Well, at least you weren't wearing a tight dress.

Val had bought you a new dress; high-waisted, with an assortment of drop-cut gems glued all over the chest area. The fabric was a rich blue. It was beautiful, really. But it looked to constricting. And you didn't even like wearing dresses. Val insisted.

"If you like it so much, why don't you just wear it?", you scoff, flinging it at him. And so, the two of you arrived at the party. You, wearing a simple white jumpsuit and black party coat, and him, the tight dress. It was a bit short for him, barely reaching down to the middle of his thighs, but it still looked really good. 

"You should wear dresses more often. They suit you", you remarked in the limo to the party. He squeezed your hand tightly. "Honey... I can't... breathe!", he sputtered. You shrugged. "Eh. I didn't want to wear it, so it was either me or you."

"I'm being serious!"

You made a clicking noise with your tongue. "Fine. I'll make up for it. But you'll have to stop with the complaining."

You knew what he wanted you to do to get him to shut up.
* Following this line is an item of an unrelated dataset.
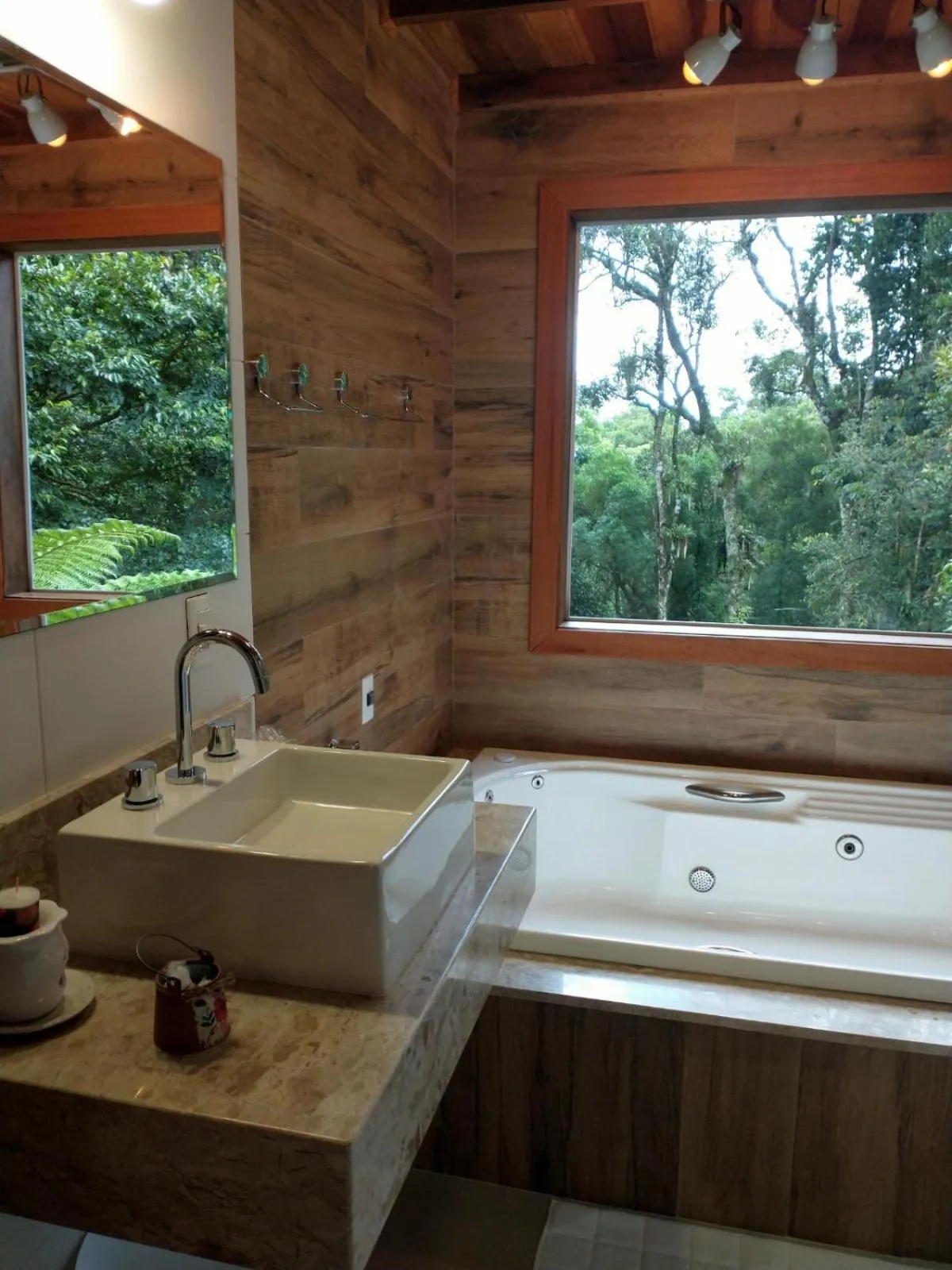 Hot Tub in Nas Nuvens Hospedaria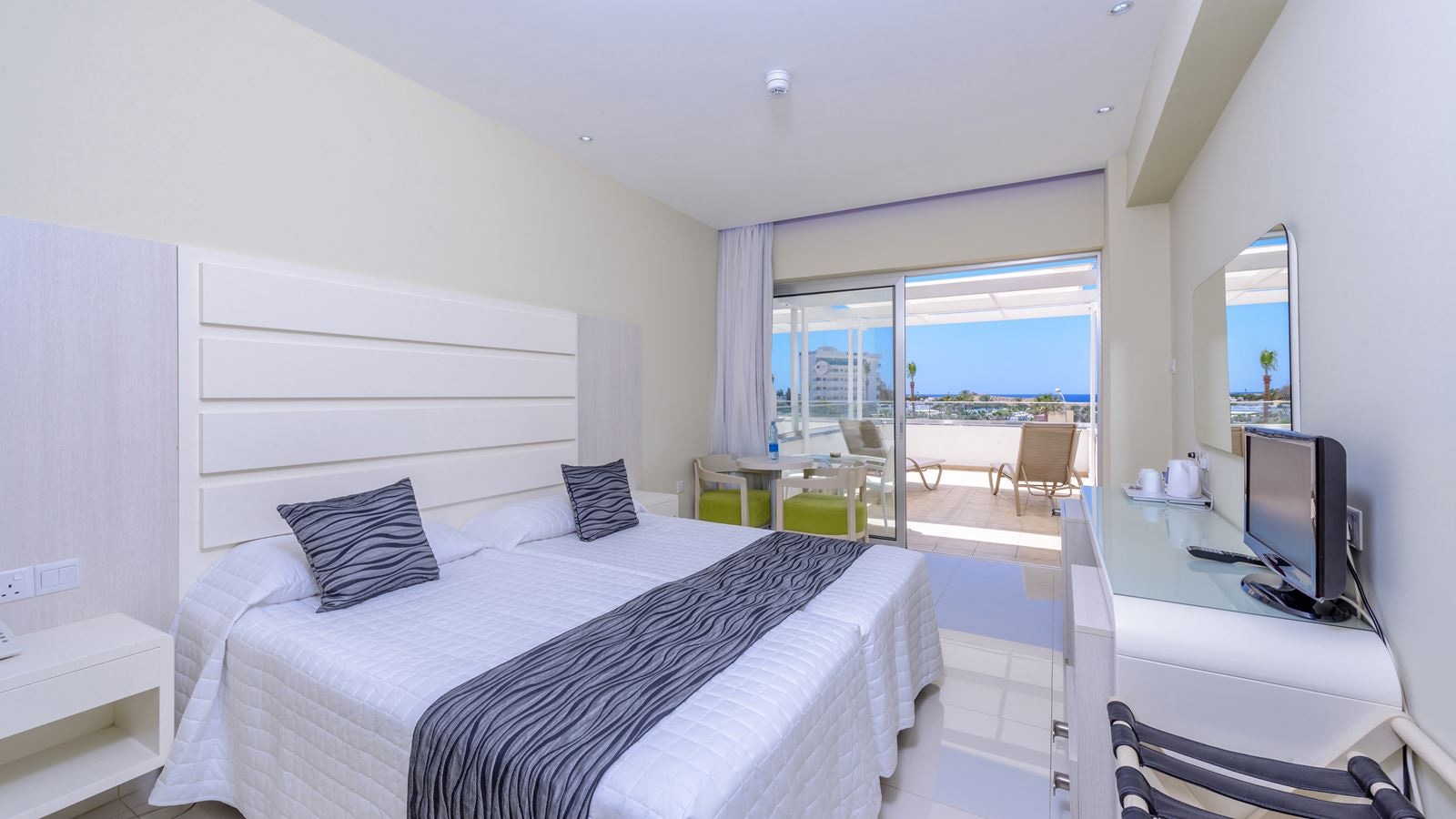 rooms-standard-room-seaview-balcony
You slid off your seat onto the carpeted floor, re-positioning yourself so that you were on your knees with your head at his crotch. While lifting up the hem of the dress, you looked him straight in the eyes.

"Let's make this quick, alright, Babe?"

~

Why did Val have to wear that specific top hat? Of all of them, why the stupid showoff-y one with all the feathers? You sighed in annoyance as you flicked a piece of feather fluff off your shoulder for the umpteenth time. Being paraded around by Val wasn't any fun, and no amount of sparkling wine was going to change that.